Personally, I don't know any better way to implement business logic today than with OO techniques, also known as the Domain Model pattern. That's what's inside my services, among other things. If John has found a better, or different way, I'd be happy to hear it.
However, the issue of "internal services" is not something new to me. Arnon and I have been implementing exactly that in a current project - he wrote up some of our experiences here. Although we did dub them MicroServices, I stand by my original advice - Business Level Services. These micro services are really a different breed and thus I think that they should be given a different kind of name. Maybe "Independent Processing Unit".
These IPUs are the result of analyzing processes within a business service and identifying independent processing steps that can occur in parallel.

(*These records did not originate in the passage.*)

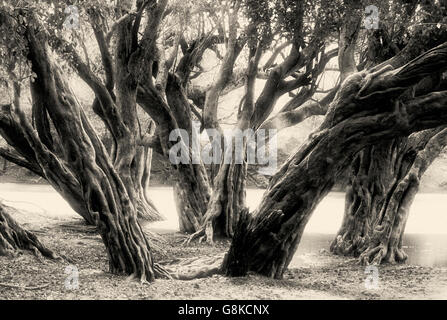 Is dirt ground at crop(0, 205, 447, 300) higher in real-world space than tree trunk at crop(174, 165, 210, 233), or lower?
lower

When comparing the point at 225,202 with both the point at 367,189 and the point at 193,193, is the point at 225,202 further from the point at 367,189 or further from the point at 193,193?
the point at 367,189

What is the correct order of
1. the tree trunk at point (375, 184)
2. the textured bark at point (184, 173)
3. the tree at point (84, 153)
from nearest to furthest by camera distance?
the tree at point (84, 153) → the tree trunk at point (375, 184) → the textured bark at point (184, 173)

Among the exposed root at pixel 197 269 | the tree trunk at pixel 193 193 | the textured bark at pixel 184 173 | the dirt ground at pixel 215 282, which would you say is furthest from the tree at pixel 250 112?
the exposed root at pixel 197 269

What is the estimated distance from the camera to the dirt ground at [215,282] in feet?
24.5

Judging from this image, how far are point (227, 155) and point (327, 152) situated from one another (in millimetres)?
6328

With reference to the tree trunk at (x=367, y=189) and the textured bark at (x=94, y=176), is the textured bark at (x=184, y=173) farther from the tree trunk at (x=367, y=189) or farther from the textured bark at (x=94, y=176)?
the textured bark at (x=94, y=176)

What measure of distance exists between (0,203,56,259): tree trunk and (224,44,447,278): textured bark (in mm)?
3278

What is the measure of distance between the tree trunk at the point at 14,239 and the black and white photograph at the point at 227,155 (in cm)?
3

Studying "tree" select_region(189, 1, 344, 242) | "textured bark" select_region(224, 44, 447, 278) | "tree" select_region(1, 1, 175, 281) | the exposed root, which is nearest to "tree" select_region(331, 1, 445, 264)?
"tree" select_region(189, 1, 344, 242)

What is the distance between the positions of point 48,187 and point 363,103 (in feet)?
87.1

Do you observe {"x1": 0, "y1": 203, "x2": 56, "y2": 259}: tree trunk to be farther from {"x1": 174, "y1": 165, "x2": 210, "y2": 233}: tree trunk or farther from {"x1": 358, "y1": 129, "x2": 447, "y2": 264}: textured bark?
{"x1": 174, "y1": 165, "x2": 210, "y2": 233}: tree trunk

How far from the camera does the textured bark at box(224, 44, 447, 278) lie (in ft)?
26.1

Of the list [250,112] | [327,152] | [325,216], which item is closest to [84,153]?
[327,152]

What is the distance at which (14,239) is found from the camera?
9.78 m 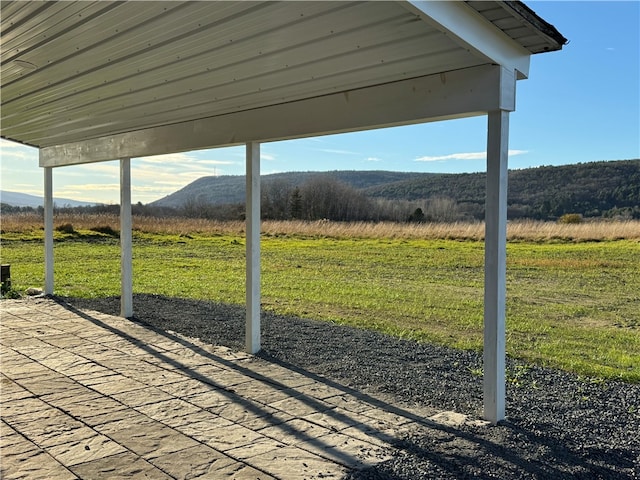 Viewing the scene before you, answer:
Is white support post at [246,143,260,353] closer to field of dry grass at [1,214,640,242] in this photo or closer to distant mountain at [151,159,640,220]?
distant mountain at [151,159,640,220]

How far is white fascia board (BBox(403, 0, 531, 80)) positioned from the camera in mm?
2580

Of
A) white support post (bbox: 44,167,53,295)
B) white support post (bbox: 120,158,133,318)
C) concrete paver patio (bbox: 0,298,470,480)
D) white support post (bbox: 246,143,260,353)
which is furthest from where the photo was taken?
white support post (bbox: 44,167,53,295)

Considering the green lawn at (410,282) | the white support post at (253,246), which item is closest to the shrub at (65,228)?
the green lawn at (410,282)

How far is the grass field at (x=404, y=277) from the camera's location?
7258 mm

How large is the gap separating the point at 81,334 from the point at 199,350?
1514 mm

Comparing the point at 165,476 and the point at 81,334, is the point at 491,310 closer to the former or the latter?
the point at 165,476

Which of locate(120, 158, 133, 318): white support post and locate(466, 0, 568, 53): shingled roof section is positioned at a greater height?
locate(466, 0, 568, 53): shingled roof section

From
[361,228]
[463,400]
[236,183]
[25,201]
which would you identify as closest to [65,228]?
[25,201]

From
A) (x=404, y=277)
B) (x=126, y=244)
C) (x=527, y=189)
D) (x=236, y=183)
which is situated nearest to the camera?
(x=126, y=244)

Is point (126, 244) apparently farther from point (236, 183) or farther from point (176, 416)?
point (236, 183)

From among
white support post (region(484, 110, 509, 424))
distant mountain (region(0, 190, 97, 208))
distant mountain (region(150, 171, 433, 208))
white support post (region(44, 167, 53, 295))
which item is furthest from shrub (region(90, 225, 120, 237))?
white support post (region(484, 110, 509, 424))

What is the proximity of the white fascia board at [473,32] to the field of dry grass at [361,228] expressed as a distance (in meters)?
11.0

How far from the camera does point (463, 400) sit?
152 inches

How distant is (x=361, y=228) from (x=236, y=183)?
9.70m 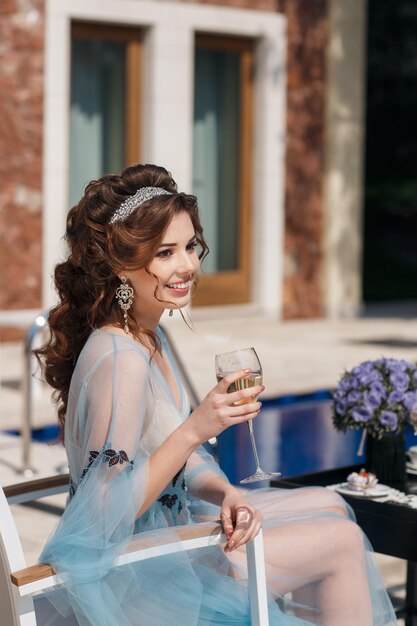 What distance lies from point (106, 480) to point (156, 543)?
0.56ft

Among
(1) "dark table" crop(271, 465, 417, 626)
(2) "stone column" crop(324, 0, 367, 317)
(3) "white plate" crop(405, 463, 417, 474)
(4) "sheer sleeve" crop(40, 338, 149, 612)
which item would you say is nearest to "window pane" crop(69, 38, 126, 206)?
(2) "stone column" crop(324, 0, 367, 317)

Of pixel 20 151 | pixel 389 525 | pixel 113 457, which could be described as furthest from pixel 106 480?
pixel 20 151

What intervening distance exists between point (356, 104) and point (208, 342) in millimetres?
3782

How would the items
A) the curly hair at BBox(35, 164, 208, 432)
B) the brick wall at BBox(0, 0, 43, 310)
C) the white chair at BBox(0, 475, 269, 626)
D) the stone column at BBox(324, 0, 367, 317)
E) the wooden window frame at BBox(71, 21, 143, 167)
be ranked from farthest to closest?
the stone column at BBox(324, 0, 367, 317) → the wooden window frame at BBox(71, 21, 143, 167) → the brick wall at BBox(0, 0, 43, 310) → the curly hair at BBox(35, 164, 208, 432) → the white chair at BBox(0, 475, 269, 626)

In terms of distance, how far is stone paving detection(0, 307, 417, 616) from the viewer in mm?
5336

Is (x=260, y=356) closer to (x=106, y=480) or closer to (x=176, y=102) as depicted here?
(x=176, y=102)

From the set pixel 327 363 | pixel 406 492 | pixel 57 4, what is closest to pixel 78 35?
pixel 57 4

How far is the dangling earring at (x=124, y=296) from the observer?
283 cm

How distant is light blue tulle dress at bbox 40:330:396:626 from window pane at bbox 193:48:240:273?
384 inches

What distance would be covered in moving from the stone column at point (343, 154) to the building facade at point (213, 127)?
17mm

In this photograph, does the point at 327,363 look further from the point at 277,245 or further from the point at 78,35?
the point at 78,35

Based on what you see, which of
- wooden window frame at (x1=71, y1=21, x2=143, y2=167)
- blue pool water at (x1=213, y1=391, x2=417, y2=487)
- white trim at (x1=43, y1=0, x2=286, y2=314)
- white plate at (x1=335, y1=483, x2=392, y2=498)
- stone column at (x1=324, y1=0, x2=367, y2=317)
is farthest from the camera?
stone column at (x1=324, y1=0, x2=367, y2=317)

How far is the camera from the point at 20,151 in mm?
10594

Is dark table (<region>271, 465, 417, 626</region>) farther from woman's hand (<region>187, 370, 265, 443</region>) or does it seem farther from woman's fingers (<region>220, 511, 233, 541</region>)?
woman's hand (<region>187, 370, 265, 443</region>)
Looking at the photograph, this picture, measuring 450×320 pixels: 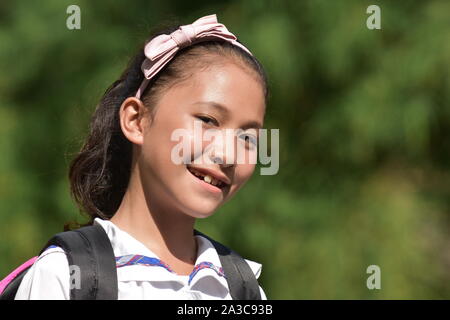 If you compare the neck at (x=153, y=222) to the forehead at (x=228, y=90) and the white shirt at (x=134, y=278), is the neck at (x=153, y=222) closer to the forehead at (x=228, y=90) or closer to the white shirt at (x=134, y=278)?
the white shirt at (x=134, y=278)

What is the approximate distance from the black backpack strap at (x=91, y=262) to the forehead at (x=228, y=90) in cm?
30

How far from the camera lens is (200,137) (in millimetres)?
1389

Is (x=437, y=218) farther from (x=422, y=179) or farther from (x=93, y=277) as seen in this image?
(x=93, y=277)

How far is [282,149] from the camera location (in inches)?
119

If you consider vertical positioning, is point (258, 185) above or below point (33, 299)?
above

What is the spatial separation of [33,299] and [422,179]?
6.82ft

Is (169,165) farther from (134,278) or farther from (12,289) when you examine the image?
(12,289)

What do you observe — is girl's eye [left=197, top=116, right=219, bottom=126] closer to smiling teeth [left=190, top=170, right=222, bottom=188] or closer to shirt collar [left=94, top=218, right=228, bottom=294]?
smiling teeth [left=190, top=170, right=222, bottom=188]

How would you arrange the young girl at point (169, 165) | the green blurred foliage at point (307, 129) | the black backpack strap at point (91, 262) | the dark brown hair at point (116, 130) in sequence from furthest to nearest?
the green blurred foliage at point (307, 129)
the dark brown hair at point (116, 130)
the young girl at point (169, 165)
the black backpack strap at point (91, 262)

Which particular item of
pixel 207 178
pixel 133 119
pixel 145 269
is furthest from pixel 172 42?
pixel 145 269

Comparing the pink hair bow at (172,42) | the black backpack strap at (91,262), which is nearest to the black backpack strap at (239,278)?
the black backpack strap at (91,262)

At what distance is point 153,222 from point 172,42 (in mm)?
349

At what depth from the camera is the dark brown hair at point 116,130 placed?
4.94ft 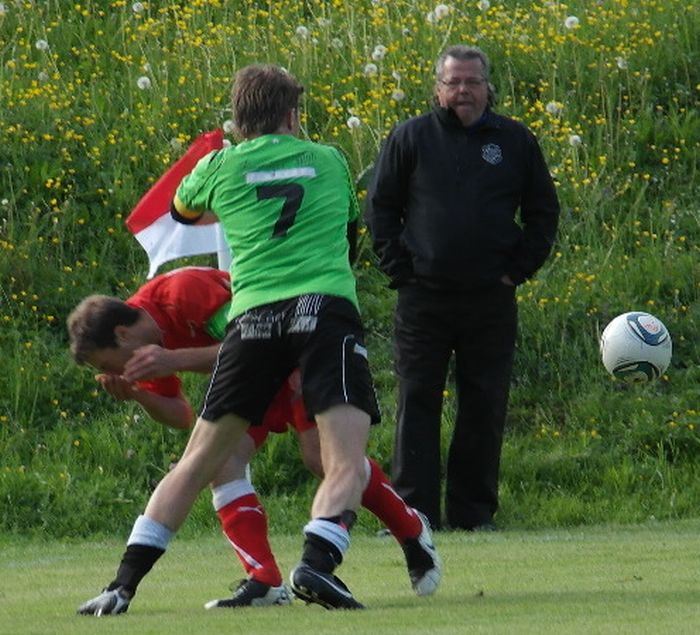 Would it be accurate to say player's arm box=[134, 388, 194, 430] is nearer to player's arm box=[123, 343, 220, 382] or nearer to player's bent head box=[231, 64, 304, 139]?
player's arm box=[123, 343, 220, 382]

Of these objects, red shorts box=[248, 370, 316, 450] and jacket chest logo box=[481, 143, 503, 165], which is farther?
jacket chest logo box=[481, 143, 503, 165]

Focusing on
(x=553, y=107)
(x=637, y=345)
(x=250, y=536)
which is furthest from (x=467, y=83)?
(x=553, y=107)

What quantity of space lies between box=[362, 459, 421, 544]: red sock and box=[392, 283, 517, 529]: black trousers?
10.9 feet

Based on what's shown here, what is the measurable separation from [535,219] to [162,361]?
13.2 feet

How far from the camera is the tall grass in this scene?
1245cm

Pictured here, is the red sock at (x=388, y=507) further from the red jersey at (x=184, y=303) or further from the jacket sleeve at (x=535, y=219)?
the jacket sleeve at (x=535, y=219)

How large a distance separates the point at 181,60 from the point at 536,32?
295 cm

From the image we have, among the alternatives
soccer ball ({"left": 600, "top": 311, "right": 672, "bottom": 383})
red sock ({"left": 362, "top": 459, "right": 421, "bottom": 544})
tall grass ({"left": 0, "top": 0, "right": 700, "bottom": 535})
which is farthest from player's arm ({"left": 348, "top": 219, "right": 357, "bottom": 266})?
soccer ball ({"left": 600, "top": 311, "right": 672, "bottom": 383})

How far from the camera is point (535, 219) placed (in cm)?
1080

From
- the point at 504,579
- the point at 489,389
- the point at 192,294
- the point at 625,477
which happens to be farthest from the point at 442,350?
Answer: the point at 192,294

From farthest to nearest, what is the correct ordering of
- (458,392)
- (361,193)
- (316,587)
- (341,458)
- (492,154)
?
1. (361,193)
2. (458,392)
3. (492,154)
4. (341,458)
5. (316,587)

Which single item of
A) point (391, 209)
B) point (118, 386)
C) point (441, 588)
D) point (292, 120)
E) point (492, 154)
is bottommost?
point (441, 588)

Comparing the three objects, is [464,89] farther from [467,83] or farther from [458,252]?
[458,252]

See "parallelism" in "The Pragmatic Programmer". The trust boundaries that exist between services do not exist between IPUs. The creation of an IPU is often founded on increasing scalability by increasing the ability to run things in parallel - purely technical concerns.
One of the main points I make concerning scalability and SOA is that you don't scale out a service by running multiple instances of it. Rather, the service scales out internally, without anyone on the outside being aware of it. IPUs are a good way of achieving this.
Let's try not to overload the service concept more. It was too overloaded to begin with. For me, I'm going to replace that concept with the term Business Service for clarity.